(Scraped caption text data)
+ + + + + + +

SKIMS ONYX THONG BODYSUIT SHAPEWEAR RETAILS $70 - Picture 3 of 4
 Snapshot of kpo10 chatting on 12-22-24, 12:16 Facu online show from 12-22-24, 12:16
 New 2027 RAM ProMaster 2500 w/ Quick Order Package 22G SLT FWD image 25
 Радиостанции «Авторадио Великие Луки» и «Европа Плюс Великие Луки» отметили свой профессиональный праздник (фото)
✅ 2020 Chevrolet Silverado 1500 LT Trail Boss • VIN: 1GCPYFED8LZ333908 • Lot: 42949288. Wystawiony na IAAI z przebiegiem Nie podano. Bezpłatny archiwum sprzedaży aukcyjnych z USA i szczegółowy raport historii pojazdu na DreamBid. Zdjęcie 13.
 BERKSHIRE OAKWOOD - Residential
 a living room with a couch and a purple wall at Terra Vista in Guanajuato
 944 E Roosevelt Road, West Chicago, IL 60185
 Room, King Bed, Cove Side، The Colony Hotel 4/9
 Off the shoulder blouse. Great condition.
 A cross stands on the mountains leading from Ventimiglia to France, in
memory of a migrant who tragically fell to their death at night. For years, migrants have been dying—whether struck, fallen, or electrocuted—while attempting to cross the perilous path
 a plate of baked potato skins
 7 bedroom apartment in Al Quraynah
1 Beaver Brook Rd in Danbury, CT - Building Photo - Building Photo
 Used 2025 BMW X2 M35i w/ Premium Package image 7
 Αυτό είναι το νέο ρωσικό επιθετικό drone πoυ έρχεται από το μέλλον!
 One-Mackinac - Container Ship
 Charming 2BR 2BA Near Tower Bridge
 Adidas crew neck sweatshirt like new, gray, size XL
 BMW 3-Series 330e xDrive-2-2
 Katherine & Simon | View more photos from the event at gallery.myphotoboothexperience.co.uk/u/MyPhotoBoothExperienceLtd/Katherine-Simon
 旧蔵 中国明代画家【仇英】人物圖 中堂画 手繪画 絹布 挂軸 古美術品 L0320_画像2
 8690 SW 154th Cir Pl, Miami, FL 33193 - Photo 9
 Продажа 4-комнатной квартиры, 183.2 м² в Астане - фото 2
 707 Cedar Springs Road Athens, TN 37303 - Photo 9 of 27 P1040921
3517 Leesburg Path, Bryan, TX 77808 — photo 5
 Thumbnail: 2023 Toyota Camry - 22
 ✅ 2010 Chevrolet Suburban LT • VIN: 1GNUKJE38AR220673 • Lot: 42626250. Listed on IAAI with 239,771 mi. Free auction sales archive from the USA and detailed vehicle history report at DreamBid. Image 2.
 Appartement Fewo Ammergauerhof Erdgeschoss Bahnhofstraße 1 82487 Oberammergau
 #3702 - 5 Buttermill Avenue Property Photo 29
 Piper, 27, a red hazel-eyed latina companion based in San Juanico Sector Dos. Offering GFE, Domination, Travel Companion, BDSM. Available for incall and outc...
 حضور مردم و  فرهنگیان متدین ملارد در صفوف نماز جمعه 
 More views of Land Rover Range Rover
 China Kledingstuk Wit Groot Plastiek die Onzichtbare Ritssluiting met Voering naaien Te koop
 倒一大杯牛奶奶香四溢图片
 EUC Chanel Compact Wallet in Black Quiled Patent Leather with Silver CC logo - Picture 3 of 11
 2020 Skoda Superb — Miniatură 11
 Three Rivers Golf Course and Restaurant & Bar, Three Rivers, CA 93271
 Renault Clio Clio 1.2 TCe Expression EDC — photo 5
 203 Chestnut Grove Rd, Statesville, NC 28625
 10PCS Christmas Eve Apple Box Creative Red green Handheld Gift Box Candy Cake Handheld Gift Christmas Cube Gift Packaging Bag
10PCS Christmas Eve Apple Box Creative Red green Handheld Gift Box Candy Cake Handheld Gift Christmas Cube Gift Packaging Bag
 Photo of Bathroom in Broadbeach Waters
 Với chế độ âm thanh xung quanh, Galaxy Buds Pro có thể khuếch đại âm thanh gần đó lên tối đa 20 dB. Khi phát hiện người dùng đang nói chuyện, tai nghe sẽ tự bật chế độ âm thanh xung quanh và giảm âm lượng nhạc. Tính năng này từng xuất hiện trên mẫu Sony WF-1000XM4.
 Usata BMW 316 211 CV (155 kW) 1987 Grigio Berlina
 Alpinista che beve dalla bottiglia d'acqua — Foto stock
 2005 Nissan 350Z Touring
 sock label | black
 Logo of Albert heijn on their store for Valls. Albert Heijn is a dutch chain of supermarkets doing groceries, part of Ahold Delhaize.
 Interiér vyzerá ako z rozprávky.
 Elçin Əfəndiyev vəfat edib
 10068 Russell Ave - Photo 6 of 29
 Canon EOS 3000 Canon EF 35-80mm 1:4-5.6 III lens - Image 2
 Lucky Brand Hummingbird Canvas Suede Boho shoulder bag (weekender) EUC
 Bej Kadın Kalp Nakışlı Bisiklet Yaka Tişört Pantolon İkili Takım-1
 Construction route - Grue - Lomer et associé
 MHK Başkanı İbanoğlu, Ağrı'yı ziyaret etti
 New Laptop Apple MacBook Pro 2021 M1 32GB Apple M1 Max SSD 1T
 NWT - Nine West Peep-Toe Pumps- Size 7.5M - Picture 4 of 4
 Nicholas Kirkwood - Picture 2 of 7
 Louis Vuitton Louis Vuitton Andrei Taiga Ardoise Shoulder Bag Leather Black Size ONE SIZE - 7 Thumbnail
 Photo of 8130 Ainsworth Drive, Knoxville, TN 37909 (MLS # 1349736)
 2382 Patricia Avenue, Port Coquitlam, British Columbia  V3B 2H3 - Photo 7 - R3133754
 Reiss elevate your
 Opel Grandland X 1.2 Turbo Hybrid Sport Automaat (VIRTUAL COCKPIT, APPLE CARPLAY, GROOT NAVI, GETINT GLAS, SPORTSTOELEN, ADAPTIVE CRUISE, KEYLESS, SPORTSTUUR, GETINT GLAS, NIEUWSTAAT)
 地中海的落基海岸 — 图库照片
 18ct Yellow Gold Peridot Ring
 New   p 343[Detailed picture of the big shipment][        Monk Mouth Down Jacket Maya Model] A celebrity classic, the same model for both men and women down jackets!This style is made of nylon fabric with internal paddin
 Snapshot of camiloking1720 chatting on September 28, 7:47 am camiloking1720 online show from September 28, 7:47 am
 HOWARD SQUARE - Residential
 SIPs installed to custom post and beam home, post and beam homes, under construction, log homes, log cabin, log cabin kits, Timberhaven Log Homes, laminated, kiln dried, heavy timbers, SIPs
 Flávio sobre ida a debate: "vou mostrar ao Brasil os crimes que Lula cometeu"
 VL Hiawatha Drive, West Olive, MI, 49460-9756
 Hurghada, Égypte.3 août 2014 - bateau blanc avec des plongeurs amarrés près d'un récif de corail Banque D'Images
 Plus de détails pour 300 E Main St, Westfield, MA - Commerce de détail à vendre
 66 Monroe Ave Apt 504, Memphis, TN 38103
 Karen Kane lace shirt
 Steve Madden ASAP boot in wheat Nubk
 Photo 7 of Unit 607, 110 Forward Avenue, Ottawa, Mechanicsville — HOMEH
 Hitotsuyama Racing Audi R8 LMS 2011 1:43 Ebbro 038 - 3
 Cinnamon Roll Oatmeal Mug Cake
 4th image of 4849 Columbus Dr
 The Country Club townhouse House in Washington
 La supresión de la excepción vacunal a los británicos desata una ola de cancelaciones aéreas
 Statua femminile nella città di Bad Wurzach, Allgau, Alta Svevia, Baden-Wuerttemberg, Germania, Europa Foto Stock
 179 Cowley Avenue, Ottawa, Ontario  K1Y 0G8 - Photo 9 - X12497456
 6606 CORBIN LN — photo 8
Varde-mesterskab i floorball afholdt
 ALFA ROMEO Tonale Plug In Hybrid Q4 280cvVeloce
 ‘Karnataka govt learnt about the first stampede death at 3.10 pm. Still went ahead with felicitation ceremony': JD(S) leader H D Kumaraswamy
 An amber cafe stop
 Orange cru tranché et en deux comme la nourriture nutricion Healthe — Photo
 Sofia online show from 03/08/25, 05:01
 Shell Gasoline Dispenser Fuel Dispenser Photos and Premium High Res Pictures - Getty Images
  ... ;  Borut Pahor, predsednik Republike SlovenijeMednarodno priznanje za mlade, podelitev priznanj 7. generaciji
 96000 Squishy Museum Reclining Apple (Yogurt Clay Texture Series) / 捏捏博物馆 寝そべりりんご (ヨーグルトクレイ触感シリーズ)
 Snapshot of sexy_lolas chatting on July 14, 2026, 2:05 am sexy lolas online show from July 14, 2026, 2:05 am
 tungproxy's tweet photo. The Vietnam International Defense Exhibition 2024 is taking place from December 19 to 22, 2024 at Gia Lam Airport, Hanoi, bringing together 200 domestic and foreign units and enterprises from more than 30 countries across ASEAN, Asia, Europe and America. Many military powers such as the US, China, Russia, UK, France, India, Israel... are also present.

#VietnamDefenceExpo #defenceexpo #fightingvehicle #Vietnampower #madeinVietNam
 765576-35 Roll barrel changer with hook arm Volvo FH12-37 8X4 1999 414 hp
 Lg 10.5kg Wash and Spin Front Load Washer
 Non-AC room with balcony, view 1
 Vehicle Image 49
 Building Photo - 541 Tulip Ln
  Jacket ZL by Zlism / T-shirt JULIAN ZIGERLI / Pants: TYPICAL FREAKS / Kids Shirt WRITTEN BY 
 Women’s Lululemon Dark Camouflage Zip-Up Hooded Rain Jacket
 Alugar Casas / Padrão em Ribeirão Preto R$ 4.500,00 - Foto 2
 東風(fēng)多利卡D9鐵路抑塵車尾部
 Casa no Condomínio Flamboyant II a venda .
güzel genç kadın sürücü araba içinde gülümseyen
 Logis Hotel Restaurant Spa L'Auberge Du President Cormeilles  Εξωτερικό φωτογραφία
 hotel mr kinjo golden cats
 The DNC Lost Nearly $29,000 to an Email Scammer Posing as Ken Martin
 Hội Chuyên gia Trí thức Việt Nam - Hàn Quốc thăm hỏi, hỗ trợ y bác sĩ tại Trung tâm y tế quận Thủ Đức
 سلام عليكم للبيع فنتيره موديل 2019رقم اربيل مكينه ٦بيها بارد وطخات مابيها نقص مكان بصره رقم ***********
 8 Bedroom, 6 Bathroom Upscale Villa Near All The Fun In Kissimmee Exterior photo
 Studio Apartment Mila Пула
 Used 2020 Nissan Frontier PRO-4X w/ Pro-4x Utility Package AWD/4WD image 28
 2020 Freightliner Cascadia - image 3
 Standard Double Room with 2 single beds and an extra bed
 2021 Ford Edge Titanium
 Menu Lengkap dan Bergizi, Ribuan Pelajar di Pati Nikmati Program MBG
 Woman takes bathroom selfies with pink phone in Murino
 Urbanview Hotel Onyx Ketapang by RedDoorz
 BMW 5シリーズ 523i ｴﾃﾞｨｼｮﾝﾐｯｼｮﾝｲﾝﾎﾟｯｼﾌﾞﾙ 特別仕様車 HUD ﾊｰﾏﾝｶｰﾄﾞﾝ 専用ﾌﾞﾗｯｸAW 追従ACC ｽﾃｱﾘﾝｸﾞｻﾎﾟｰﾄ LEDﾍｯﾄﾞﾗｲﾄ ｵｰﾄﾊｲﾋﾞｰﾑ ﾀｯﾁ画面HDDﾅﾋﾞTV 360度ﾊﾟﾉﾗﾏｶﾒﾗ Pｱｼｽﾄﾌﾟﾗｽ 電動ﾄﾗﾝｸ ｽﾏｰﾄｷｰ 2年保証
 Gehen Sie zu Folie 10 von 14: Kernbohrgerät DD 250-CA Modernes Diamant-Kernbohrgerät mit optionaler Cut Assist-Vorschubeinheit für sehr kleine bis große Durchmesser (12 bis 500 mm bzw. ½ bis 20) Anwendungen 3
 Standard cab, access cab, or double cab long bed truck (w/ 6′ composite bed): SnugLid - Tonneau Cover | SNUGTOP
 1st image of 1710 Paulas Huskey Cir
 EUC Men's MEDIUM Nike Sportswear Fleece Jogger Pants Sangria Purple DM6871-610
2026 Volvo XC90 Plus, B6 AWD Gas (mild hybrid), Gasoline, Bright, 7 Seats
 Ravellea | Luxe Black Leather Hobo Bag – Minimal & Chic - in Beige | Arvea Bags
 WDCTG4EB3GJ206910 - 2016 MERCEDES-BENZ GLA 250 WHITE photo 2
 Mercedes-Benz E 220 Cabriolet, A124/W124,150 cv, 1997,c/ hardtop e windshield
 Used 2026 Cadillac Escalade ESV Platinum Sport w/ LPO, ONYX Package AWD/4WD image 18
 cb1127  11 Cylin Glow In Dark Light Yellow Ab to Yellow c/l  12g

+ + + + + + +

INSTRUCTIONS FOR THE TASK
Above are the records; print exactly the lines from the line with "Flávio sobre ida" to the line with "Sofia online show from 03/08/25, 05:01", including both, and nothing else.

THE ANSWER
 Flávio sobre ida a debate: "vou mostrar ao Brasil os crimes que Lula cometeu"
 VL Hiawatha Drive, West Olive, MI, 49460-9756
 Hurghada, Égypte.3 août 2014 - bateau blanc avec des plongeurs amarrés près d'un récif de corail Banque D'Images
 Plus de détails pour 300 E Main St, Westfield, MA - Commerce de détail à vendre
 66 Monroe Ave Apt 504, Memphis, TN 38103
 Karen Kane lace shirt
 Steve Madden ASAP boot in wheat Nubk
 Photo 7 of Unit 607, 110 Forward Avenue, Ottawa, Mechanicsville — HOMEH
 Hitotsuyama Racing Audi R8 LMS 2011 1:43 Ebbro 038 - 3
 Cinnamon Roll Oatmeal Mug Cake
 4th image of 4849 Columbus Dr
 The Country Club townhouse House in Washington
 La supresión de la excepción vacunal a los británicos desata una ola de cancelaciones aéreas
 Statua femminile nella città di Bad Wurzach, Allgau, Alta Svevia, Baden-Wuerttemberg, Germania, Europa Foto Stock
 179 Cowley Avenue, Ottawa, Ontario  K1Y 0G8 - Photo 9 - X12497456
 6606 CORBIN LN — photo 8
Varde-mesterskab i floorball afholdt
 ALFA ROMEO Tonale Plug In Hybrid Q4 280cvVeloce
 ‘Karnataka govt learnt about the first stampede death at 3.10 pm. Still went ahead with felicitation ceremony': JD(S) leader H D Kumaraswamy
 An amber cafe stop
 Orange cru tranché et en deux comme la nourriture nutricion Healthe — Photo
 Sofia online show from 03/08/25, 05:01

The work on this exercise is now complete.